▸ **TASK**
Your answer must be the exact lines below, starting with the line with "2022 CUM LT625 6×4 Sleeper" and going on through the line with "DOLL_ANDY on StripChat", both included, with no pictures.

▸ **DATA FOR THIS TASK**

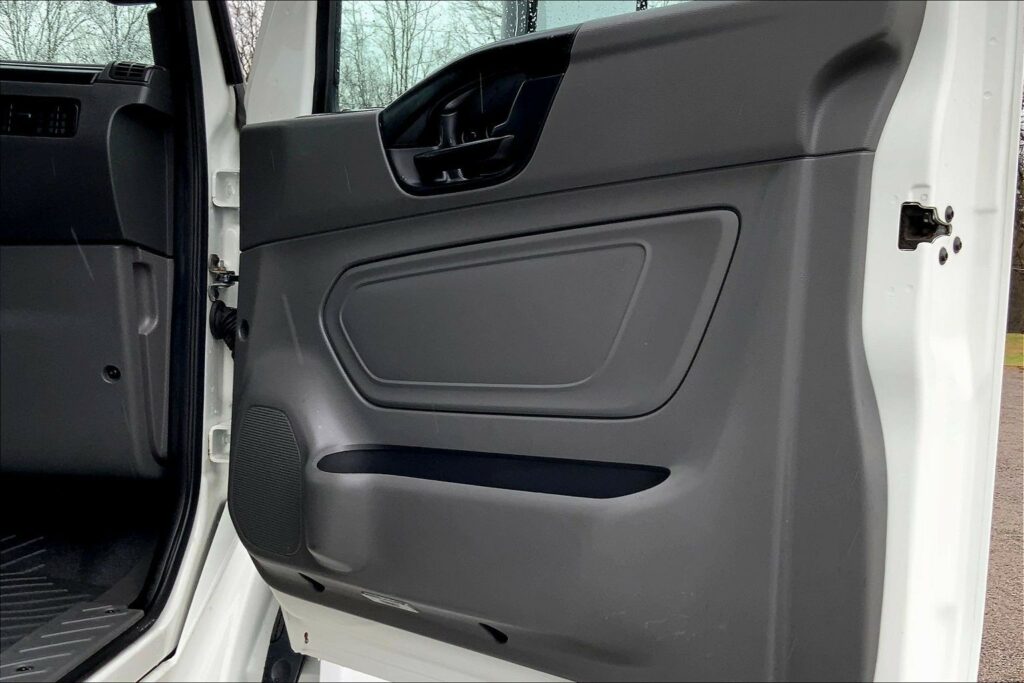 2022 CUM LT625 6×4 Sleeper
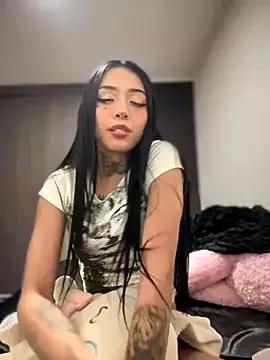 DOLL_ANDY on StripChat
==
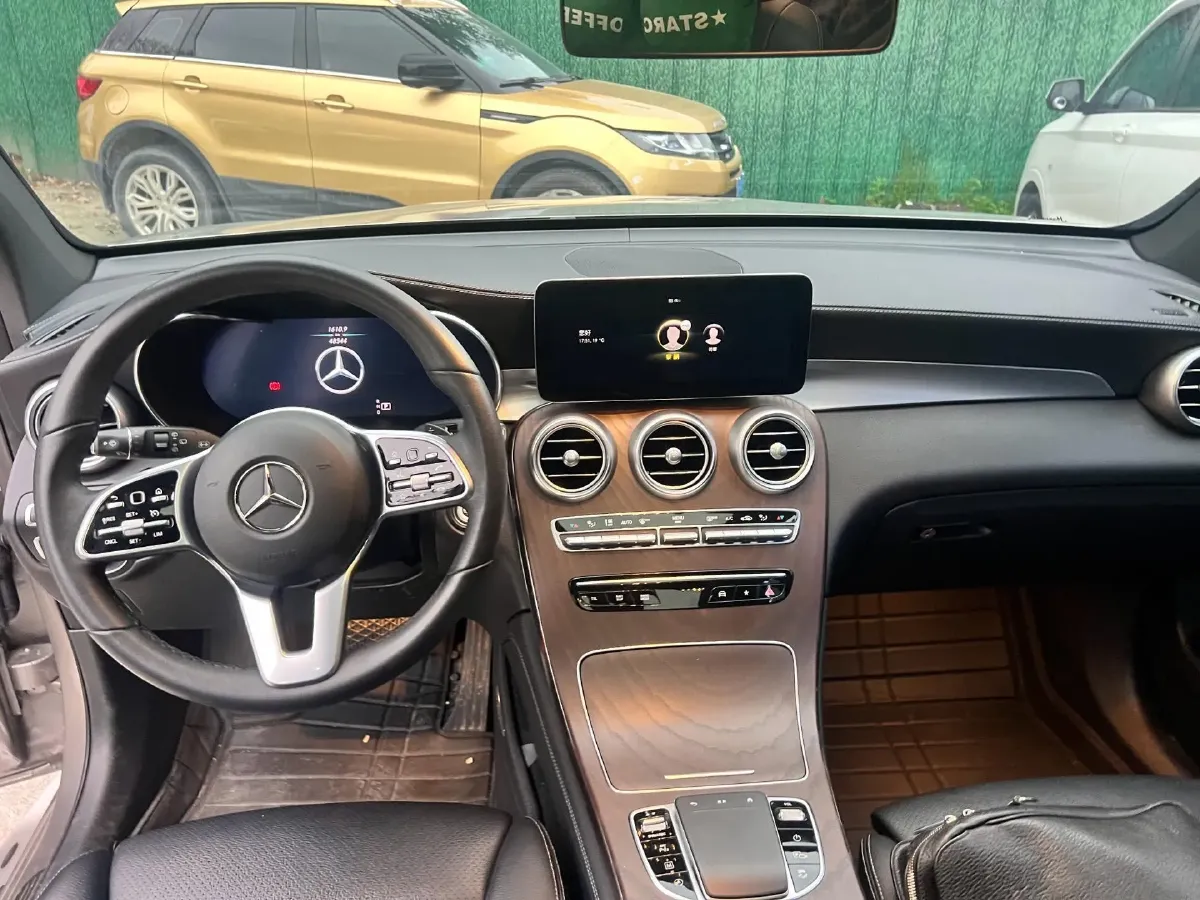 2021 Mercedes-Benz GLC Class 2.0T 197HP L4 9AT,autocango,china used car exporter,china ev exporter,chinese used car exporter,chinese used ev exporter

▸ **RESULT**
 2022 CUM LT625 6×4 Sleeper
 DOLL_ANDY on StripChat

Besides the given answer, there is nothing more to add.